Exercise description - Look through the entries below for the line that contains "2-к квартира, посуточно, 59м2, 5/6 этаж", then set down that line and each one after it exactly, through the last.

........

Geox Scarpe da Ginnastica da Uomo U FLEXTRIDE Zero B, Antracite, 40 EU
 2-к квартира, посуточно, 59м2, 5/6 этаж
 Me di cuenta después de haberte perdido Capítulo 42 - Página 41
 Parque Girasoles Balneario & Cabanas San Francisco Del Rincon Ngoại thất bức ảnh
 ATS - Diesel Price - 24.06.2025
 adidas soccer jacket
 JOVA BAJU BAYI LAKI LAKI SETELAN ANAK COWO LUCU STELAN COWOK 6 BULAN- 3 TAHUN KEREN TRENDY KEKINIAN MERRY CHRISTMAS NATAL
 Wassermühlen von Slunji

........

Written reply -
 2-к квартира, посуточно, 59м2, 5/6 этаж
 Me di cuenta después de haberte perdido Capítulo 42 - Página 41
 Parque Girasoles Balneario & Cabanas San Francisco Del Rincon Ngoại thất bức ảnh
 ATS - Diesel Price - 24.06.2025
 adidas soccer jacket
 JOVA BAJU BAYI LAKI LAKI SETELAN ANAK COWO LUCU STELAN COWOK 6 BULAN- 3 TAHUN KEREN TRENDY KEKINIAN MERRY CHRISTMAS NATAL
 Wassermühlen von Slunji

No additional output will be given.